Member of the Storting
- In office 1 October 2017 – 30 September 2021
- Constituency: Akershus

Leader of the Socialist Youth
- In office 23 June 2014 – 26 June 2016
- Preceded by: Andreas Halse
- Succeeded by: Andrea Sjøvoll

Personal details
- Born: 15 March 1988 (age 38) Lillehammer, Oppland, Norway
- Party: Socialist Left
- Spouse: Sebastian Forbes ​(m. 2019)​
- Alma mater: University of Manchester
- Occupation: Politician

= Nicholas Wilkinson =

Norwegian politician

Nicholas Wilkinson (born 15 March 1988) is a Norwegian politician from the Socialist Left Party.
He served as a representative to the Storting from Akershus from 2017 to 2021.

== Political career ==
Wilkinson served as the leader of the Socialist Youth from 2014 to 2016.

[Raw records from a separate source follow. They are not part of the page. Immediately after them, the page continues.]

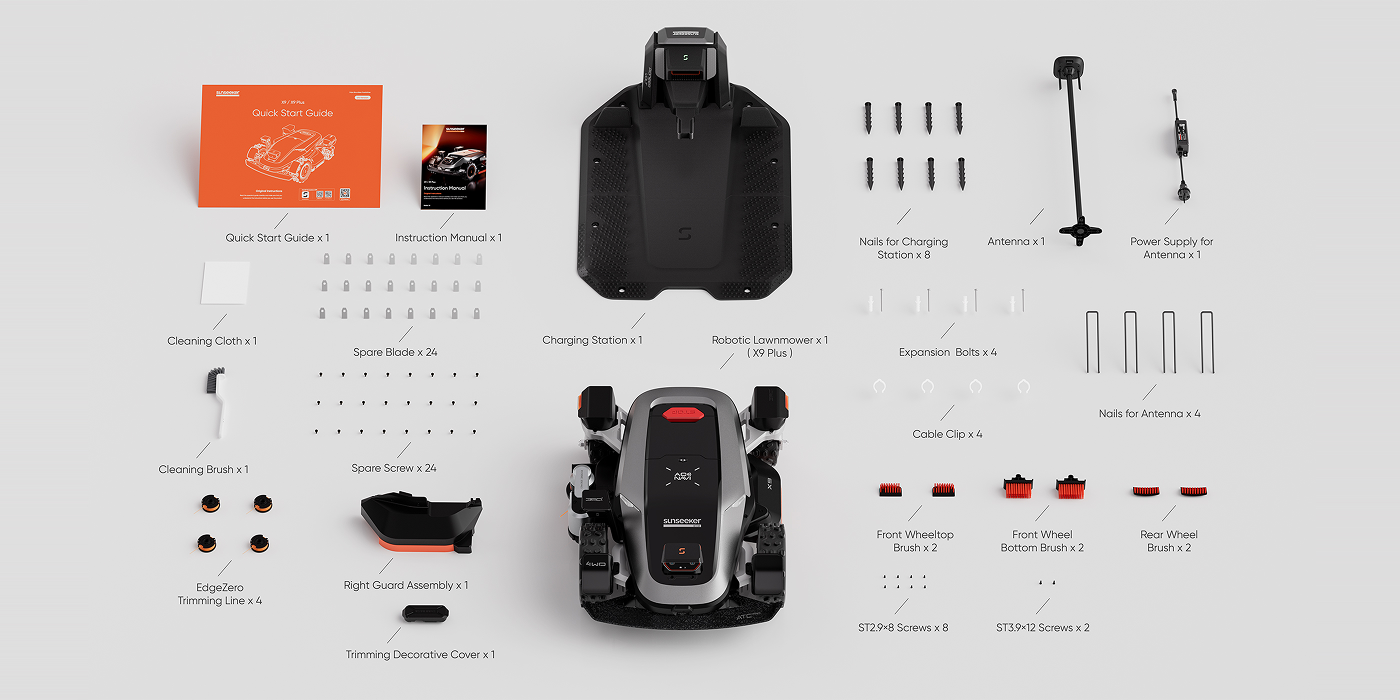 Sunseeker Elite X9 Plus robotic lawn mower product image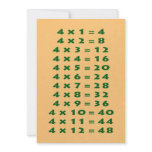 #4 Times Table Collectible Card Announcements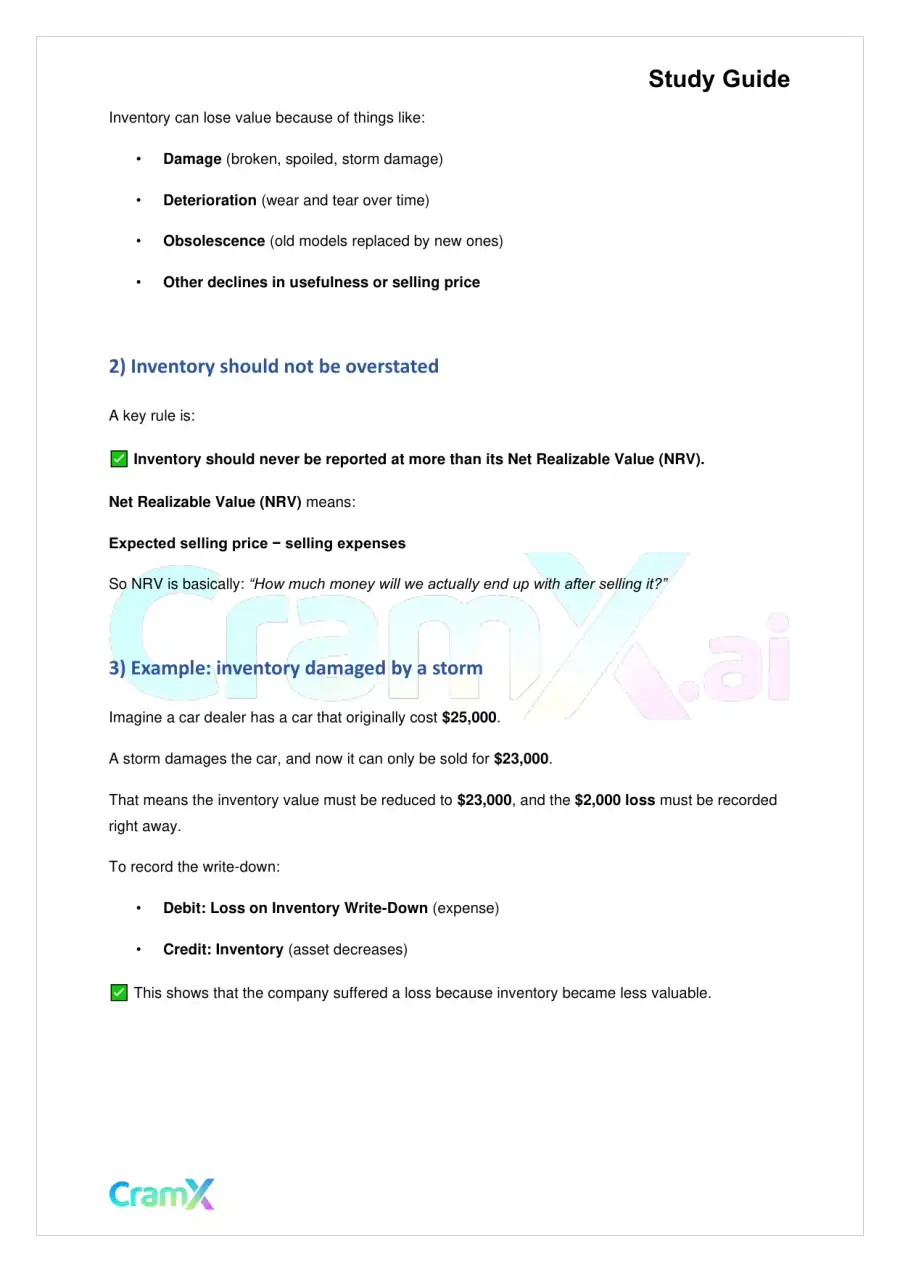 Accounting Principles I – Inventory, page 7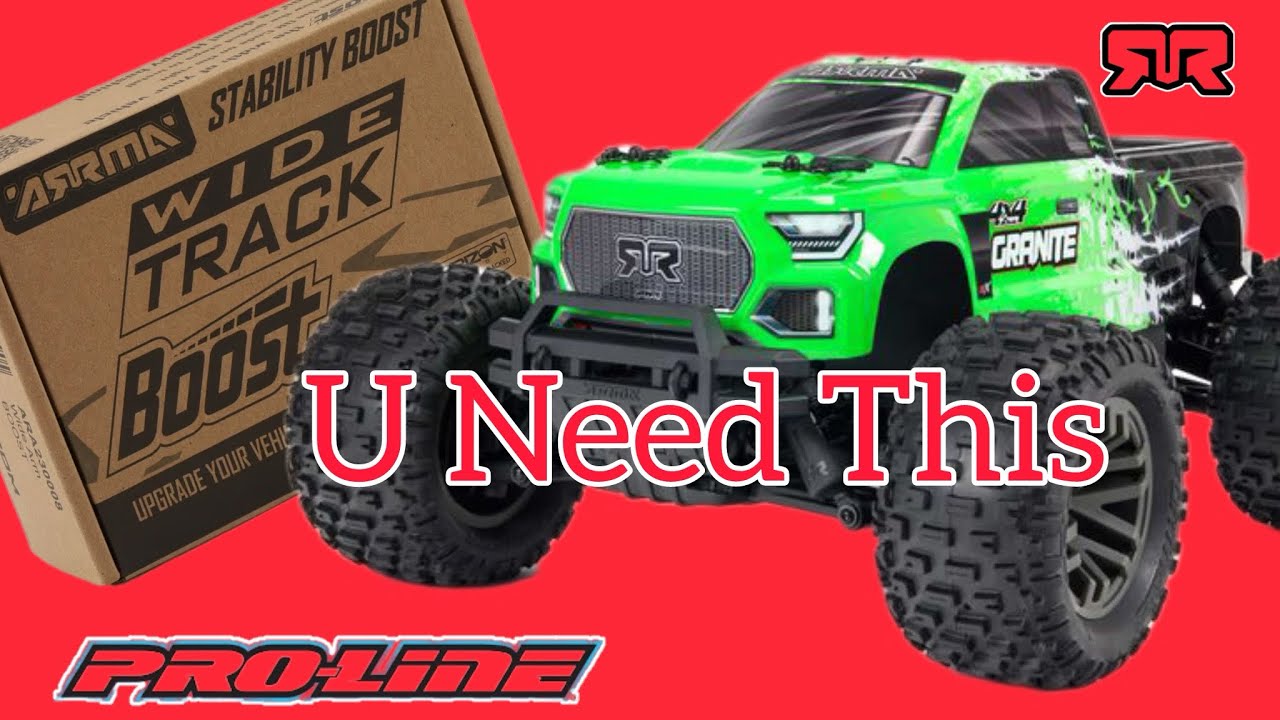 Комплект Arrma Granite 4x4 Wide Track Boost: эпическое испытание на бездорожье и скорость! #rc #A...
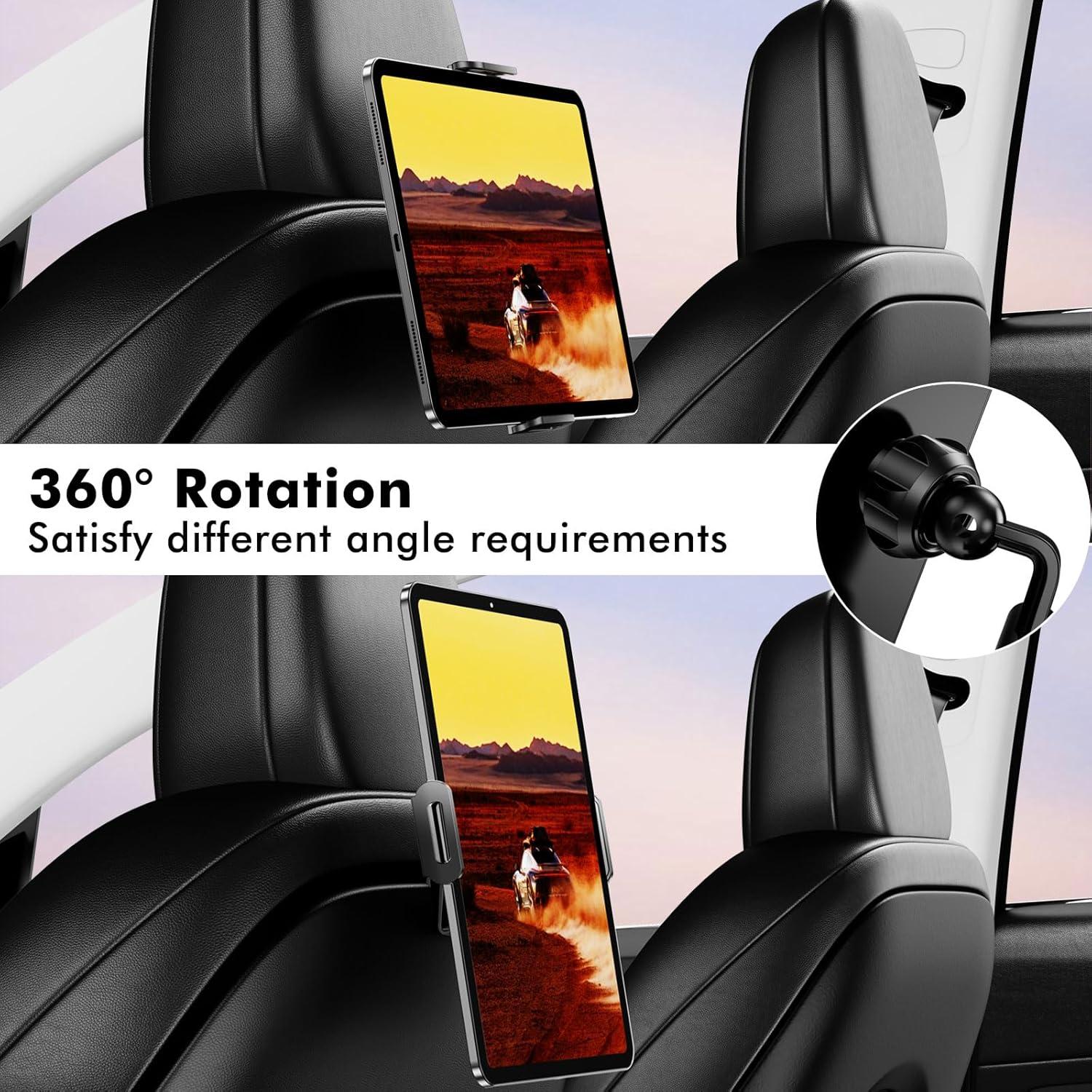 Soporte de Tableta para Asiento Trasero OATSBASF Tesla Model 3/Y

He was elected to the Storting, the Norwegian parliament, following the 2017 election. In Parliament, he was a member of the Standing Committee on Health and Care Services and the Preparatory Credentials Committee; the latter of which he sat in from June to September 2021. In June 2020, Wilkinson announced that he wouldn't be seeking re-election in the 2021 election.

==Personal life==
Born in 1988, Wilkinson is the son of Simon Wilkinson and Ragnhild Bendiksby, a psychiatrist and former department manager for the Ministry of Children and Families respectfully. He resides in Oppegård and also holds British citizenship. He is openly gay. In January 2019, he married his boyfriend of seven years, Sebastian Forbes.